CSCI 341 Theory of Computation

Fall 2025, with Schmid

← antimirov derivatives kleenes theorem →

The Algebra of Regular Languages

So far, we have seen that every regular language is finitely presentable, formally \(\mathsf{Reg} \subseteq \mathsf{Fin}\). Continuing our journey towards the proof of Kleene's Theorem, which states that \(\mathsf{Reg} = \mathsf{Fin}\), we need to gain a bit more proficiency with regular expressions. The most important step in the proof of the reverse containment is to show that certain systems of equations involving regular expressions can be solved. This process of reasoning with equations between regular expressions is called the algebra of regular expressions, and can be really fun once you get used to it. If solving systems of equations doesn't sound like algebra to you, then I'm not sure what will.

Let's get a bit more formal about what all this is about.

(Language Equivalence) Given regular expressions \(r_1, r_2\in \mathit{RExp}\), we say that \(r_1\) and \(r_2\) are language equivalent if \(\mathcal L(r_1) = \mathcal L(r_2)\), and in such a case we will write \(r_1 =_{\mathcal L} r_2\).

It may come as a surprise to you that different regular expressions can be language equivalent. It helps to think of arithmetic: \(5 + 2 = 2 + 5\), even though those two arithmetic expressions are different. One might call these two arithmetic expressions number equivalent. In a similar fashion, the regular expressions \(a + b\) and \(b + a\) (over an alphabet containing \(a\) and \(b\)) are language equivalent. Indeed, \[ \mathcal L(a + b) = \{a, b\} = \{b, a\} = \mathcal L(b + a) \] Not too crazy, right?
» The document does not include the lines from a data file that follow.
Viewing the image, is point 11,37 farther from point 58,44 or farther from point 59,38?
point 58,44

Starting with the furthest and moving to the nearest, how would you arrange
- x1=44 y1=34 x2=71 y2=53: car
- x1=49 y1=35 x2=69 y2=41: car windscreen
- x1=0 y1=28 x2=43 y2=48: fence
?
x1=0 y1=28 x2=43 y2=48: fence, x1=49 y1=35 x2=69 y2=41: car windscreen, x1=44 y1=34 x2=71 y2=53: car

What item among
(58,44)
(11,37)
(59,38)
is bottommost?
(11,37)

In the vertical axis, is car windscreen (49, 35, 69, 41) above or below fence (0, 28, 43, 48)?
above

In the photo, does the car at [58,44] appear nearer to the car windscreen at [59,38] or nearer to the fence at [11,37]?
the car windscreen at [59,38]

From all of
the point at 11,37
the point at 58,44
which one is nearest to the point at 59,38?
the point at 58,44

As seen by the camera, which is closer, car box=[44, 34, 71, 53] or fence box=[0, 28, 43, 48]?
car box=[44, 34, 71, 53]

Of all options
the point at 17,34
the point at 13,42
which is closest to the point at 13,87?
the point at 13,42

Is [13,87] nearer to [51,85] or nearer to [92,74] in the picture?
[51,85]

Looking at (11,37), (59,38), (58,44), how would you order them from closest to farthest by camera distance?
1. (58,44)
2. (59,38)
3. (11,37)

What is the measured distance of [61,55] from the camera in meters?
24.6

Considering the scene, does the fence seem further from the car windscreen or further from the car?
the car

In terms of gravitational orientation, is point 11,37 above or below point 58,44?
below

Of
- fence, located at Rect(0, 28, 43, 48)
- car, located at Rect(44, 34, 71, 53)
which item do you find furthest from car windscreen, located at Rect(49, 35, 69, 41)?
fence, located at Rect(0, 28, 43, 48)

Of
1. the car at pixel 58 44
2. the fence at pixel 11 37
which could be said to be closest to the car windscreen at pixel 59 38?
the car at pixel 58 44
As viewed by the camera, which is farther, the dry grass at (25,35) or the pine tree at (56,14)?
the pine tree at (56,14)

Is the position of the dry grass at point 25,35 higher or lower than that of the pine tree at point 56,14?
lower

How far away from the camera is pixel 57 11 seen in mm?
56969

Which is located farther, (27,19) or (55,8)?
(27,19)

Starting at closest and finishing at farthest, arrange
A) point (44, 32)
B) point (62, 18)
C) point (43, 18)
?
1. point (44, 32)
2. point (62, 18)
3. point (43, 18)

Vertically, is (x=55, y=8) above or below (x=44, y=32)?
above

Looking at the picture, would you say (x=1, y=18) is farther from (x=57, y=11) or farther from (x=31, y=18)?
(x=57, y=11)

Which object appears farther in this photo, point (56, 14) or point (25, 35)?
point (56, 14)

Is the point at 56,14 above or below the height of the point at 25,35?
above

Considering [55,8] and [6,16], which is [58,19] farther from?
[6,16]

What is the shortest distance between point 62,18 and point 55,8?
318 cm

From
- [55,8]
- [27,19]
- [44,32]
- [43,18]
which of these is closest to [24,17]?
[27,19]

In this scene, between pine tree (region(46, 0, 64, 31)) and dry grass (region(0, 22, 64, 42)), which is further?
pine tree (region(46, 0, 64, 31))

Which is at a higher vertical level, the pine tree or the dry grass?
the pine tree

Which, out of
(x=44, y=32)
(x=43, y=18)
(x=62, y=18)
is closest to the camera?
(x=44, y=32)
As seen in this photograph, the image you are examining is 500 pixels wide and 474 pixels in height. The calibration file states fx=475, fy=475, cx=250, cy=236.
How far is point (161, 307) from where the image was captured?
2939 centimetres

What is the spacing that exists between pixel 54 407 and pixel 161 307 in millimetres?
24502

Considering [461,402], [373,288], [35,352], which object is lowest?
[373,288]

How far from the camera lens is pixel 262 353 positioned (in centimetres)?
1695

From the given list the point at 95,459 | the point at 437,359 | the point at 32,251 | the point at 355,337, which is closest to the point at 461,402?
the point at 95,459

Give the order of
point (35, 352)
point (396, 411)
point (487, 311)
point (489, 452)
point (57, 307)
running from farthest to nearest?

(Basic Equations) Calculate the language semantics for each of the regular expressions below. Which regular expressions are language equivalent?

\((ab + b) + c\)
\(c + (a + \varepsilon) b\)
\(a(b + c)\)
\((b + c)a\)

Unions

Here is another example of language equivalent regular expressions: \[ a + (b + c) =_{\mathcal L} (a + b) + c \] Again, remember that regular expressions are just sequences of symbols, so the two regular expressions that appear above are not exactly the same. However, it's not hard to prove that they are language equivalent: on the one hand, we have \[\begin{aligned} \mathcal L(a + (b + c)) &= \mathcal L(a) \cup \mathcal L(b + c) \\ &= \mathcal L(a) \cup (\mathcal L(b) \cup \mathcal L(c)) \\ &= \{a\} \cup (\{b\} \cup \{c\}) \\ &= \{a\} \cup \{b,c\} \\ &= \{a,b,d\} \end{aligned}\] On the other, we also have \[ \mathcal L((a + b) + c) = \{a, b, c\} \hspace{5em} (\star) \] Therefore, \(\mathcal L((a + b) + c) = \mathcal L(a + (b + c))\), and we can write \((a + b) + c =_{\mathcal L} a + (b + c)\).
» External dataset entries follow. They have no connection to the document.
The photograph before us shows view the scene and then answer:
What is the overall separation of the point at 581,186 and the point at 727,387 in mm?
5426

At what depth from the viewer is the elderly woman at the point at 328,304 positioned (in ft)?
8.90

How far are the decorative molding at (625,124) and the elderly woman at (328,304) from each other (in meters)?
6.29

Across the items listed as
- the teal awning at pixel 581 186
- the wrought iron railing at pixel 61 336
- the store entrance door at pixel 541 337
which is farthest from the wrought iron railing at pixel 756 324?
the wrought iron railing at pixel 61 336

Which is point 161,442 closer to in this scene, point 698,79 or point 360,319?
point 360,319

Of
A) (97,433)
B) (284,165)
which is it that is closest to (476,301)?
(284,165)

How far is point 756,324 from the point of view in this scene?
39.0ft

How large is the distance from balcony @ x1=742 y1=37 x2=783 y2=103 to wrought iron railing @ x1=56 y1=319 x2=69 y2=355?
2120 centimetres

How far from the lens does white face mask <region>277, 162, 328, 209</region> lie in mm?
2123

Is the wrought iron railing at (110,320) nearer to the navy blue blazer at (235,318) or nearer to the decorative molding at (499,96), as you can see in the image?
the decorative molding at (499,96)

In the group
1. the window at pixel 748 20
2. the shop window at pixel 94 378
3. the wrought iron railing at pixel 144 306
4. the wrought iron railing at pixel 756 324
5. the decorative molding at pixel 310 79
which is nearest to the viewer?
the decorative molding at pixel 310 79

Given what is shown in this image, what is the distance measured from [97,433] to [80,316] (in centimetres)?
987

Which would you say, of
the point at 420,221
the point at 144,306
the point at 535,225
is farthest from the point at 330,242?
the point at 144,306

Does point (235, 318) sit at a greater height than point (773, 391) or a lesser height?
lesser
(Calculating a Union) Recreate the calculation of \(\mathcal L(a + (b + c))\) above, but for \(\mathcal L((a + b) + c)\) to produce \((\star)\). What is the difference between calculating the values of \(\mathcal L(a + (b + c))\) and \(\mathcal L((a + b) + c)\)?

(Everything About Unions) Let \(r,r_1,r_2,r_3 \in \mathit{RExp}\) be any regular expressions. Then

\(r_1 + r_2 =_{\mathcal L} r_2 + r_1\)
\(r + \emptyset =_{\mathcal L} r\)
\(\emptyset + r =_{\mathcal L} r\)
\(r + r =_{\mathcal L} r\)
\(r_1 + (r_2 + r_3) =_{\mathcal L} (r_1 + r_2) + r_3\)

(Understanding the Union Rules) Use the equations in Everything About Unions to derive the equation \[ (ab + b) + (ba + \emptyset) =_{\mathcal L} ba + (b + ab) \] Label each equation you write down with the number of the equation you used in the Everything About Unions Lemma. For example, as a first couple steps (I'm not saying these are the correct first steps), you might write \[\begin{aligned} (ab + b) + (ba + \emptyset) &= (ab + b) + (\emptyset + ba) \hspace{5em} (\text{Unions 1.}) \\ &= ((ab + b) + \emptyset) + ba \hspace{5em} (\text{Unions 5.}) \\ \end{aligned}\]

Sequential Composition

Here is another example of a pair of language equivalent regular expressions: \(a(bc) =_{\mathcal L} (ab)c\). Here, \[\begin{aligned} \mathcal L(a (bc)) &= \mathcal L(a) \cdot \mathcal L(bc) \\ &= \mathcal L(a) \cdot (\mathcal L(b) \cdot \mathcal L(c)) \\ &= \{a\} \cdot (\{b\} \cdot \{c\}) \\ &= \{a\} \cdot (\{bc\}) \\ &= \{abc\} \\ \end{aligned}\] This is what we should expect; the language semantics of a word, represented as a regular expression, should be the set containing only that word. But there is also the other way of forming the word "\(abc\)", namely \((ab)c\), which also has the language semantics \[\mathcal L((a b)c) = \{abc\}\] Therefore, \(a(bc) =_{\mathcal L} (ab)c\).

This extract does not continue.